Wall-to-wall fun at stone wall festival

A dry stone-wall building festival, the first of its kind, has taken place at Fanad Head.

Local man Jimmy Sweeney, who’s wall was demolished a number of years ago to widen the road, contacted local TD Joe McHugh to talk about re-building it. After much discussion, the pair reached out to monumentalist Michael Mc Groarty and local woman, Caite Fealty.

Together they decided to invite the public to join them on their build.


Luckily the local community and stonemasons were all on board with the idea and to their surprise a lot of people started showing interest.

Muintearas, the ETB, and the Donegal Local Development Company all got involved to make the vision a reality. Údarás na Gaeltachta also provided funding for the wall.

There was a great turnout, some people even travelled from Dublin to take part and to do some instructing. Sean O’Coisteallbha, a teacher in the craft, was also there.

‘All hands on deck’

Speaking to the Donegal News, Caite Fealty said it was a very hands-on experience and the locals, young and old, came out to learn and help out.

“There was 100m of wall to build and there were 50 people working on the wall each day. Many people told us it would take us three weeks to complete the wall, but it only took us two days because it was all hands on deck from start to finish.

“Eddie Sweeney and Aiden McAteer were the two front men of the project from day one. They provided a crash course in dry stone wall building for all the participants. There was some great banter on the wall and everyone did their bit,” she said.

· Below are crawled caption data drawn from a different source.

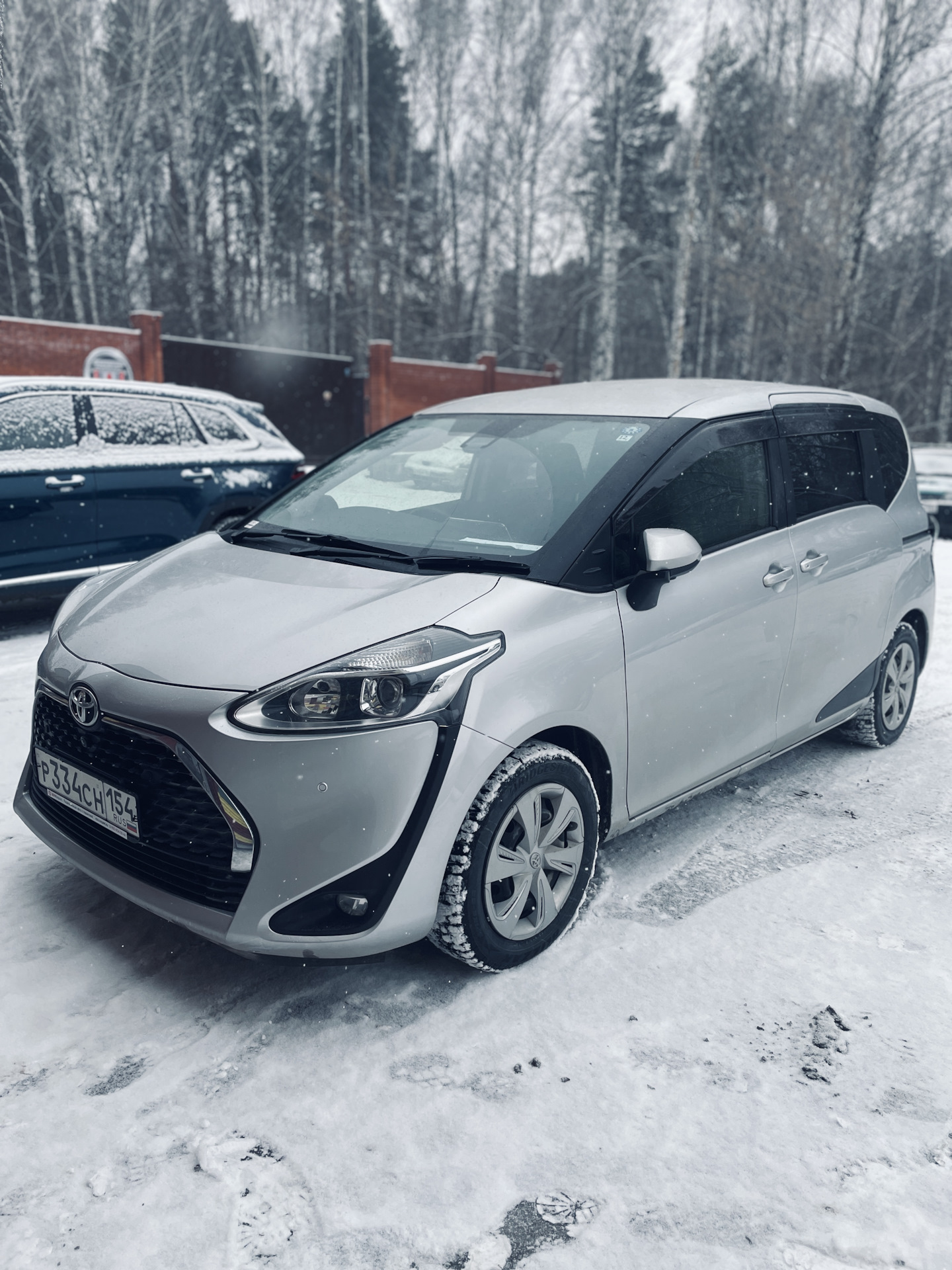 Вопрос по термостату — Toyota Sienta (2G), 1,5 л, 2018 года | наблюдение |  DRIVE2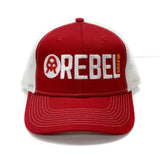 Trucker Cap Rebelgrafik
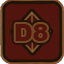 D8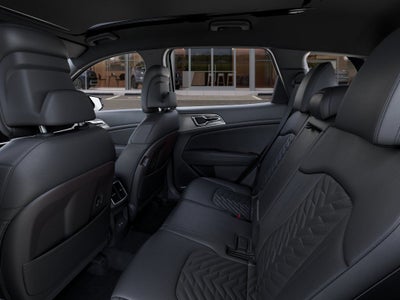 2026 Kia Sportage Plug-In Hybrid X-Line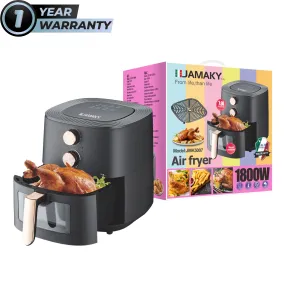 JAMAKY - Air Fryer 1800 W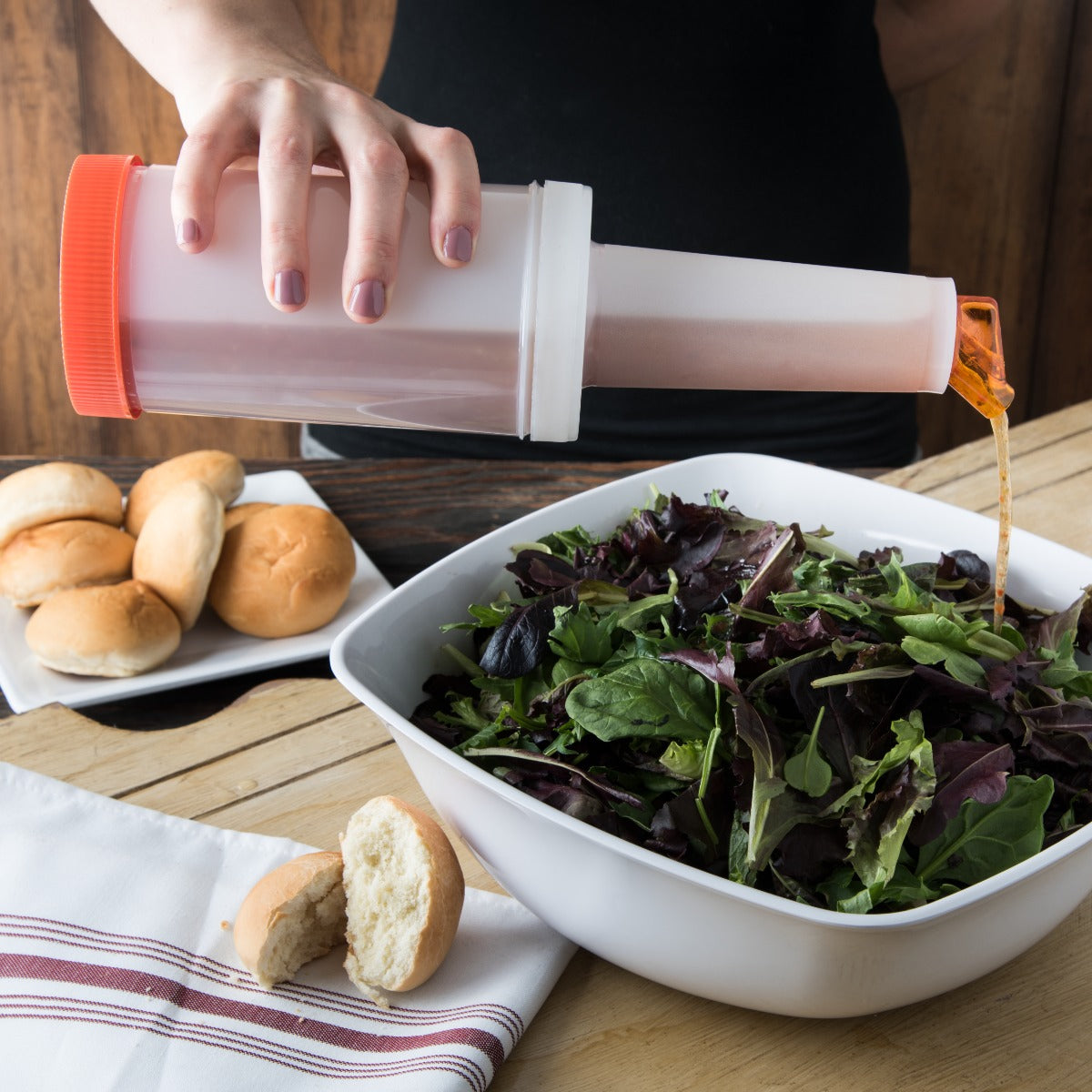 Carlisle PS601N00 - PourPlus Store 'N Pour Complete Unit 1 Qt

There was also entertainment provided in the evenings.

On the Friday evening Dr Micheal Kennedy, who travelled from Dublin, gave a talk on what Fanad Head was like during the war. Kevin McShane from Downings displayed an outstanding selection of artifacts from the Laurentic shipwreck that he retrieved while diving.

When building the wall, three carvings were made and one of those carvings was of a gold bar. This carving was then built into the wall.

Caite revealed the significance of the gold bar in the wall.

“At where the gold bar carving is, if you line up where you’re standing to the two-storey house’s chimney pot in front of you and look out towards the horizon, the Laurentic shipwreck is at that geographical position at sea. We thought this would be a nice feature to incorporate into our wall,” she said.

The shipwreck is off Malin Head and Fanad Head. According to lore 22 gold bars belonging to the Laurentic shipwreck remain unaccounted for.

Kevin McShane also had photographs taken under water of the shipwreck to showcase.

On Saturday night, archaelogist Michael Gibbons gave a talk about the Fanad Peninsula and the local area.

The talks were held in the local community centre and organised by the Fanad Development Association.

Caite praised the Fanad Development Team for all their work throughout the Festival.

“There is a great team of workers on the Fanad Development Team and there was a great encouragement from them throughout the process of re-building the wall.

“They backed this project from day one and helped us work at it to get the job done.

“This festival really brought the community together. With steel toe caps and high visibility jackets we all had a weekend to remember,” she said.